In the baby loss community, you’ll often hear the phrase “My heart is fuller than my arms.” This is certainly true for me. Don’t get me wrong – one toddler keeps me very busy, but I’m definitely not as busy as I would be if Ginny were also here. That doesn’t mean she doesn’t take my time though. In fact, I spend way more time grieving Ginny three and half years out than I thought I would. She is still in my thoughts all throughout the day everyday, and I still devote hours a week to mourning her. What I’ve learned is that this is healthy and normal life after loss.
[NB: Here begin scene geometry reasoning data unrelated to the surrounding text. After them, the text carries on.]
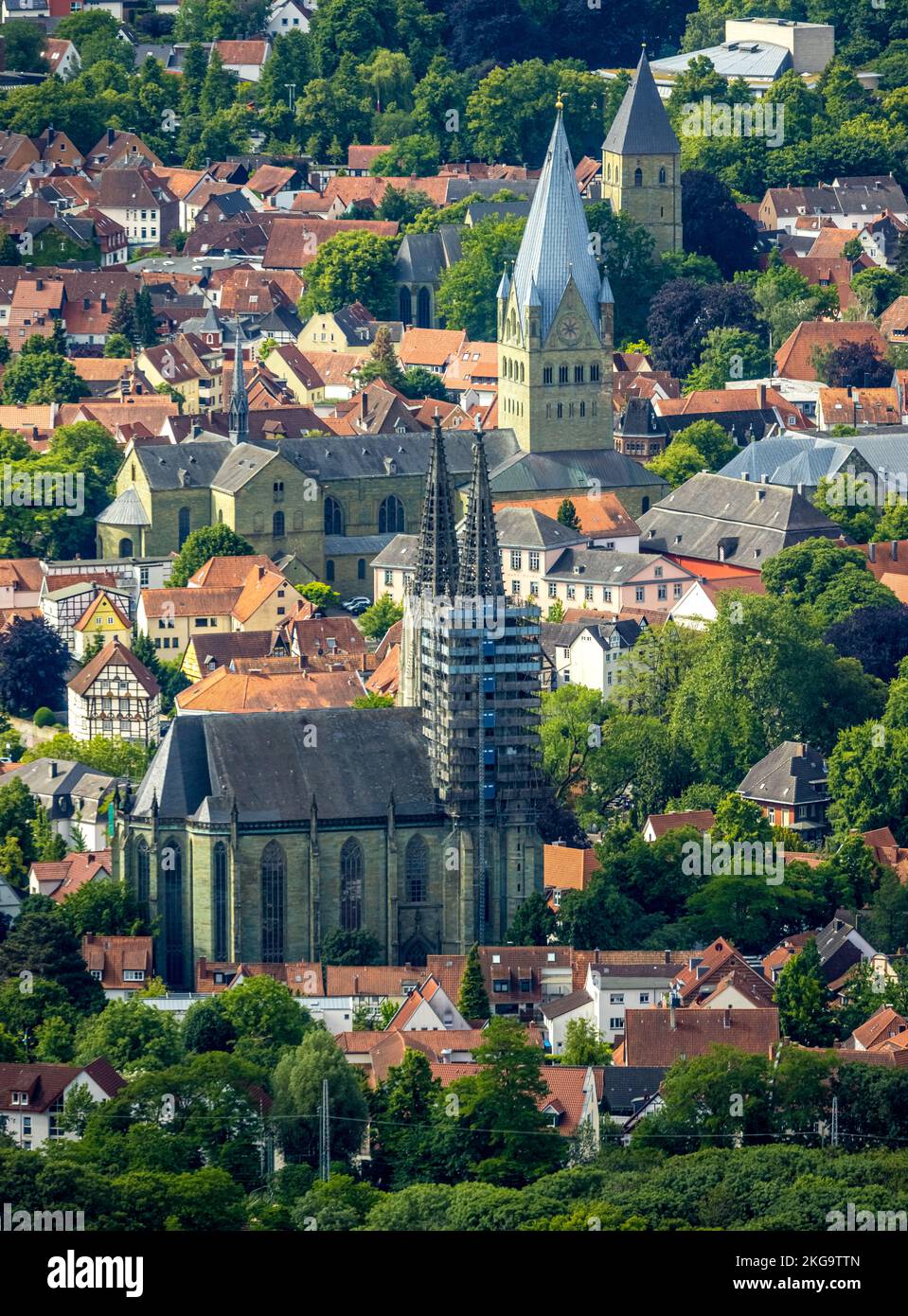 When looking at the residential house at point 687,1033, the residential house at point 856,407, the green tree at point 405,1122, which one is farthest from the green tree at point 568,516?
the green tree at point 405,1122

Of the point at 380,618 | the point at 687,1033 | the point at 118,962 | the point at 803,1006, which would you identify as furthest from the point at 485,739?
the point at 380,618

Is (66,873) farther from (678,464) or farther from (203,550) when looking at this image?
(678,464)

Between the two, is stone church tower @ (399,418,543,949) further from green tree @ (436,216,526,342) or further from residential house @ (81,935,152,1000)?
green tree @ (436,216,526,342)

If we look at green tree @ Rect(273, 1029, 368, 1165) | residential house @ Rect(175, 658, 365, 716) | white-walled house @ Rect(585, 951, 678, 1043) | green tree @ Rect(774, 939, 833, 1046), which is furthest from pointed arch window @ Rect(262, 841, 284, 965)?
residential house @ Rect(175, 658, 365, 716)

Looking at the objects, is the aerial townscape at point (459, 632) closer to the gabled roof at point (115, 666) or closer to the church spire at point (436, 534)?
the church spire at point (436, 534) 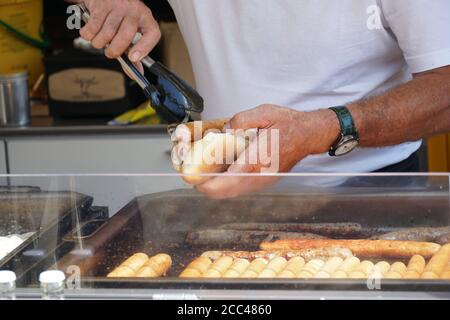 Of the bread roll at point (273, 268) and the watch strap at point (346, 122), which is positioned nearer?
the bread roll at point (273, 268)

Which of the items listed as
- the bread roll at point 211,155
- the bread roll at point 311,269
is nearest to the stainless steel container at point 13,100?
the bread roll at point 211,155

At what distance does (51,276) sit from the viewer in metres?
1.27

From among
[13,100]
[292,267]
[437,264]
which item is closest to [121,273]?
[292,267]

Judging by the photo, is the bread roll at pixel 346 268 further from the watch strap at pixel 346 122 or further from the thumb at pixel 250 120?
the watch strap at pixel 346 122

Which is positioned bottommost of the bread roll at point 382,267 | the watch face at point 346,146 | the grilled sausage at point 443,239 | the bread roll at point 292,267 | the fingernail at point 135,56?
the bread roll at point 382,267

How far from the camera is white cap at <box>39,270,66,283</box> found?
1.26m

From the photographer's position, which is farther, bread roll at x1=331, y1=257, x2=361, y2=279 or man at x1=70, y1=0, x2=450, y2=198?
man at x1=70, y1=0, x2=450, y2=198

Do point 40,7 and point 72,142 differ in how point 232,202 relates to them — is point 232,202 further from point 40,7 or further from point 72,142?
point 40,7

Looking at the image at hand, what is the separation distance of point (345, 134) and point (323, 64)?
288 mm

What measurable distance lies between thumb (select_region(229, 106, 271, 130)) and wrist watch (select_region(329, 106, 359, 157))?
0.22 metres

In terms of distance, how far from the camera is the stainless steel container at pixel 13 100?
3.39 meters

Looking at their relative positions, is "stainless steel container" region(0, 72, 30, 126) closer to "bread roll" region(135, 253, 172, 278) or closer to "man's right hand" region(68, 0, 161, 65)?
"man's right hand" region(68, 0, 161, 65)

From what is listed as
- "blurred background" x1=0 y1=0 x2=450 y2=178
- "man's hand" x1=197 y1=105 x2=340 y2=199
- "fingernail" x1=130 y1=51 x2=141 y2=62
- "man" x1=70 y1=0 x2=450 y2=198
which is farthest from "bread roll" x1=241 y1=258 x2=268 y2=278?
"blurred background" x1=0 y1=0 x2=450 y2=178
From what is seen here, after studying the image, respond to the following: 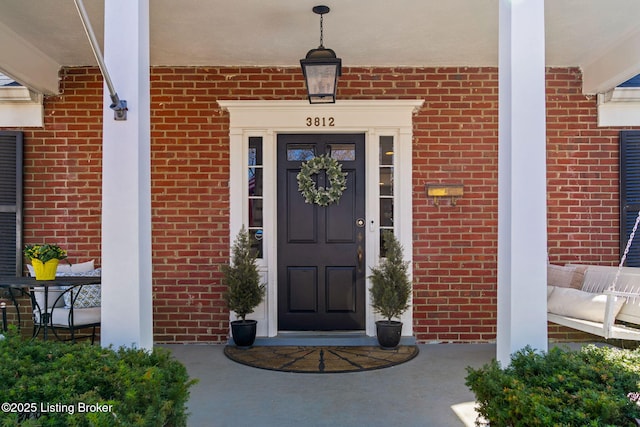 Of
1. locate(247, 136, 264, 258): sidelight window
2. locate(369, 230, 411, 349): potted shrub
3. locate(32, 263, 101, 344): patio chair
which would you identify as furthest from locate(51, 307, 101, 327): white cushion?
locate(369, 230, 411, 349): potted shrub

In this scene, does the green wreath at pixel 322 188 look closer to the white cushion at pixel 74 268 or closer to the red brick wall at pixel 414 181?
the red brick wall at pixel 414 181

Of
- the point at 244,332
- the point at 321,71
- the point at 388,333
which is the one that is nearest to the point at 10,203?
the point at 244,332

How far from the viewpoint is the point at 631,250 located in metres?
5.45

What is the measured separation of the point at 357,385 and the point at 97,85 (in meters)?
4.05

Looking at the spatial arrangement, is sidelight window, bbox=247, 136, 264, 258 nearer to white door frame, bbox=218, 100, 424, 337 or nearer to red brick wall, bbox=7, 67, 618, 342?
white door frame, bbox=218, 100, 424, 337

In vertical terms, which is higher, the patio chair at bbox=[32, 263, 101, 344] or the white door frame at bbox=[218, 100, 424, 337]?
the white door frame at bbox=[218, 100, 424, 337]

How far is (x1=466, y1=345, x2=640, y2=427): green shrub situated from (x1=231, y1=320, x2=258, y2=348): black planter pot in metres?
2.91

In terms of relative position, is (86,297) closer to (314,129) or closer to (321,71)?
(314,129)

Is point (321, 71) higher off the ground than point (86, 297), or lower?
higher

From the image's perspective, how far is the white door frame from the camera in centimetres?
543

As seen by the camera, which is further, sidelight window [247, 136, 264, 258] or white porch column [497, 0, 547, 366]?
sidelight window [247, 136, 264, 258]

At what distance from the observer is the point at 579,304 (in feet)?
14.1

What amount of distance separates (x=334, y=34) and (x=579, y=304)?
3126 mm

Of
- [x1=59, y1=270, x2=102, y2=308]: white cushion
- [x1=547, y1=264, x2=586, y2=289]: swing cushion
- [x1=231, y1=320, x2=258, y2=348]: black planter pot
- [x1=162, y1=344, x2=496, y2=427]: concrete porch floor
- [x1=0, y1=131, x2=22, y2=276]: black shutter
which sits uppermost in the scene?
[x1=0, y1=131, x2=22, y2=276]: black shutter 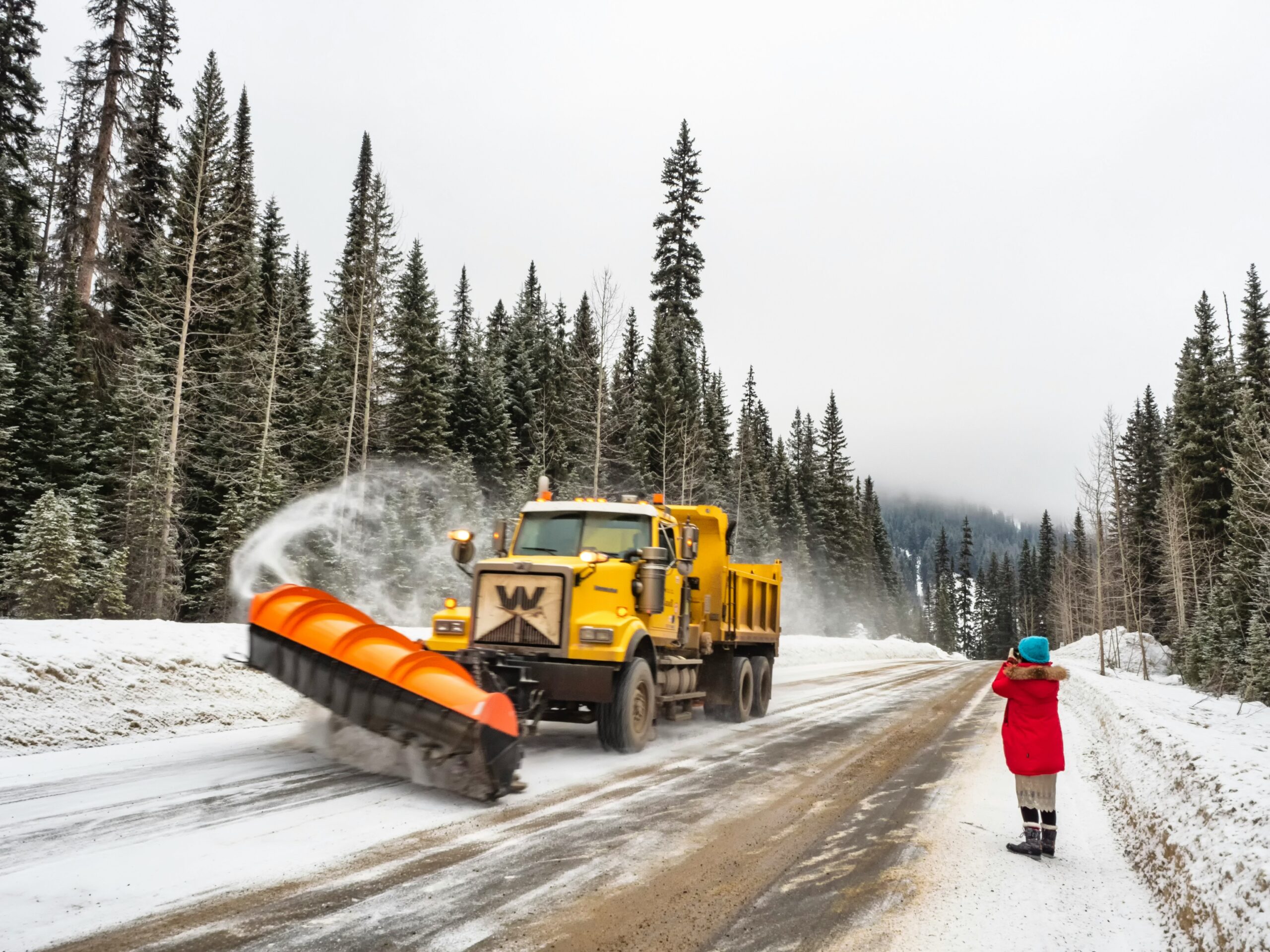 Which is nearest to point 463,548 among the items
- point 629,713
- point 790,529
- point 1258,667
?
point 629,713

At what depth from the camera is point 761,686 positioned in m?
13.6

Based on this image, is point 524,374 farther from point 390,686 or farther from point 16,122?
point 390,686

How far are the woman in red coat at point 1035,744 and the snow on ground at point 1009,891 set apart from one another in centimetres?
21

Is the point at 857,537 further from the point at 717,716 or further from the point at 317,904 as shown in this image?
the point at 317,904

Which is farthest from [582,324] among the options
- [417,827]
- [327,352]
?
[417,827]

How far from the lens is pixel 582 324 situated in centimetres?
4084

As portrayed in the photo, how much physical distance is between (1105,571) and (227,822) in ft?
220

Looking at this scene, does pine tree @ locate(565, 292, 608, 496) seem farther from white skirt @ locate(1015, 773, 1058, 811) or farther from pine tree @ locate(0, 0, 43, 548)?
white skirt @ locate(1015, 773, 1058, 811)

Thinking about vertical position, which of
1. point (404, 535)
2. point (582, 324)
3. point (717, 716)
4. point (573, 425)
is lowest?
point (717, 716)

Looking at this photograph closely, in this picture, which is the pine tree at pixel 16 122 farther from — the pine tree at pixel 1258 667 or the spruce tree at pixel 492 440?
the pine tree at pixel 1258 667

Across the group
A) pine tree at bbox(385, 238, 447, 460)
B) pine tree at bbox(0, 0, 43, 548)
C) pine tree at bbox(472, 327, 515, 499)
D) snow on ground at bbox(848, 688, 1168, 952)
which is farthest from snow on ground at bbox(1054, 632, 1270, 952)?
pine tree at bbox(472, 327, 515, 499)

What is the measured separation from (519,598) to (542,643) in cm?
53

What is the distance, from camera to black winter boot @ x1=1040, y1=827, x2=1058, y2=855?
5.86 meters

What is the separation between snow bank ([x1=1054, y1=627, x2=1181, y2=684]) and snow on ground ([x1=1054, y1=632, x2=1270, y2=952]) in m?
36.0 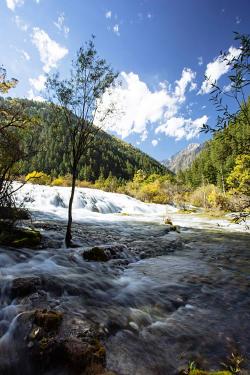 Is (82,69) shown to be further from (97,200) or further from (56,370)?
(97,200)

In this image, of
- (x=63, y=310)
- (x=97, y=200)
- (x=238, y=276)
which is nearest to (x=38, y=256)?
(x=63, y=310)

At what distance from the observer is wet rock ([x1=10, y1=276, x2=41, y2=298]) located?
7.24 metres

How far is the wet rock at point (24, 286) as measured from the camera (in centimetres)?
724

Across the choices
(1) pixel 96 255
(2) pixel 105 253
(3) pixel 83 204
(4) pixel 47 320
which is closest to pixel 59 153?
(3) pixel 83 204

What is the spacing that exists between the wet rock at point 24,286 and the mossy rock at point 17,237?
4.92 metres

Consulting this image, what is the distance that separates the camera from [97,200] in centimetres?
4338

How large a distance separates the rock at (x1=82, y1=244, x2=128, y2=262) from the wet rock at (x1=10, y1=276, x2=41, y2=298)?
3985mm

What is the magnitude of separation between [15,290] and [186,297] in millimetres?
4889

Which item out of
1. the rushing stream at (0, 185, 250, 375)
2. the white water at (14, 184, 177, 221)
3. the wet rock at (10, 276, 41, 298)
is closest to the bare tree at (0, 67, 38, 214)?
the rushing stream at (0, 185, 250, 375)

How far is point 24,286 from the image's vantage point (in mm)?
7504

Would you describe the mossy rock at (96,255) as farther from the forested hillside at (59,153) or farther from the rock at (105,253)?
the forested hillside at (59,153)

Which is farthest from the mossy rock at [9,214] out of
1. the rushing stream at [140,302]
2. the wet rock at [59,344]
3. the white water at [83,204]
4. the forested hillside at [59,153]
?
the white water at [83,204]

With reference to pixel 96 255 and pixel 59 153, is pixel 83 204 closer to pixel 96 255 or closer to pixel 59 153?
pixel 96 255

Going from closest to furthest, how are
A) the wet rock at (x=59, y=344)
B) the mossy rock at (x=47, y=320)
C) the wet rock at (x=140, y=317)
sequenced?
the wet rock at (x=59, y=344)
the mossy rock at (x=47, y=320)
the wet rock at (x=140, y=317) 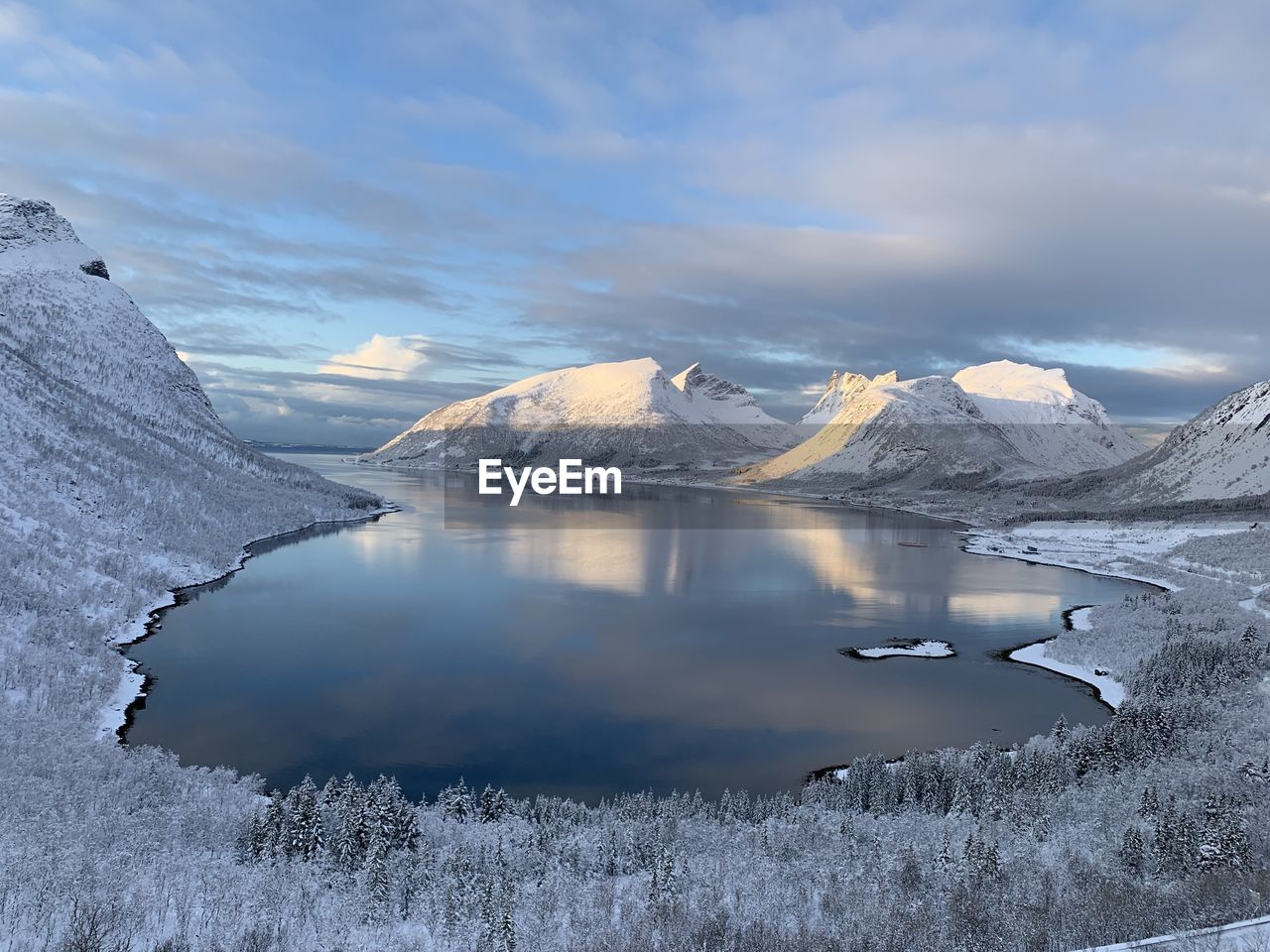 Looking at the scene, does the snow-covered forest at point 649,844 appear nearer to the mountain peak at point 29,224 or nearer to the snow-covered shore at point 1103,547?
the snow-covered shore at point 1103,547

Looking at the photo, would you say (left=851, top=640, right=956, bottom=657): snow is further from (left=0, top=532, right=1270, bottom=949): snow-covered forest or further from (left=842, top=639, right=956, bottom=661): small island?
(left=0, top=532, right=1270, bottom=949): snow-covered forest

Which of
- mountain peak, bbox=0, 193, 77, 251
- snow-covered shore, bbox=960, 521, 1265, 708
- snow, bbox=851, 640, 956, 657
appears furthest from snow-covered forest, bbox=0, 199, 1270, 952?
mountain peak, bbox=0, 193, 77, 251

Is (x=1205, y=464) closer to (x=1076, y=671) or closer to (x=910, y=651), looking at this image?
(x=1076, y=671)

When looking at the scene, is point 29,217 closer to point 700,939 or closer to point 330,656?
point 330,656

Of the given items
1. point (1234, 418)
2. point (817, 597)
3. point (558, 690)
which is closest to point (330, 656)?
point (558, 690)

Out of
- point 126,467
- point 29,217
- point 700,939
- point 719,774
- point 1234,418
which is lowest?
point 719,774

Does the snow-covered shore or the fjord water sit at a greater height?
the snow-covered shore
Grief does not resolve on its own. Time itself does not heal. It takes work and devotion and Jesus to heal – and that does also take time. I think of it as tending a garden. If left ignored, the garden of grief will become overgrown with weeds and pests. Nothing fruitful will grow. For me when I ignore my grief, I feel very heavy with tension in my shoulders. I get irritable and irrational; I may lash out at those I love. I am not able to have as much fun or laugh as I normally would. In some others, neglected grief manifests itself in far worse ways such as addiction or violence. To prevent this, I must spend time “mothering Ginny” by mourning her. I tend to my grief garden by journalling, talking to those who care, praying, looking in her memory box, thinking of heaven, walking, reading passage of lament, listening to music or relevant podcasts, and crying. These activities are like pulling weeds, planting seeds, fertilizing, pruning, and watering. It is hard work but the result is peace, hope, and compassion for others. My heart is light and I can be my best for Chet, Daniel, and my community.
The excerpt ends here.